The findings come from studying a synthetic version of whitlockite, a rare mineral on Earth. The research team ran shock-compression experiments to simulate the conditions that happen when a Martian sample is ejected from Mars into space; a fraction of these meteorites then make their way to Earth, where they fall on the surface and are collected.
Scientists studied the sample using X-ray experiments at Berkeley Lab's Advanced Light Source and at Argonne National Laboratory's Advanced Photon Source. Results show that the whitlockite becomes dehydrated and creates a mineral called merrillite, which has been found many times in Martian meteorites.
"If even a part of merrillite had been whitlockite before, it changes the water budget of Mars dramatically," Oliver Tschauner, co-leader of the study and a research professor in the Department of Geoscience at the University of Nevada, Las Vegas, said in a statement.
If the study proves true of actual Martian meteorites, this would help resolve a discrepancy between meteorite studies and examinations on the planet itself. While meteorite studies showed that Mars was dry, examinations by Martian rovers show abundant evidence of water. Certain minerals (such as hematite) formed in the presence of water. The Curiosity rover has also seen rounded pebbles and other evidence of ancient streambeds.
|The Mojave Crater on Mars, which is believed to be the source of some Martian meteorites found on Earth, is pictured here in a rendering produced by the HIRISE camera on NASA's Mars Reconnaissance Orbiter.|
Whitlockite contains phosphorous — a needed element for life on Earth — and can also dissolve in water. Since merrillite is found in so many Martian meteorites, the study suggests that habitable conditions for life on Mars were common, at least in the region from where the meteorites came.

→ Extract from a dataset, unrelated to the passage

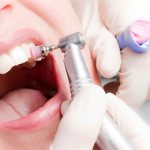 why do you need professional teeth cleaning photo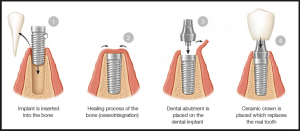 how dental implants work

"The only missing link now is to prove that (merrillite) had, in fact, really been Martian whitlockite before," Tschauner said. "We have to go back to the real meteorites and see if there had been traces of water."
A key limitation of the study is the origins of Martian meteorites. Many collected on Earth likely came from one region of Mars, and only during a narrow time period: 150-586 million years ago. These meteorites represent samples below the surface that were excavated when an impact on Mars sent them flying off the planet. Because these samples were buried, they are believed to indicate the Martian environment in the more ancient past.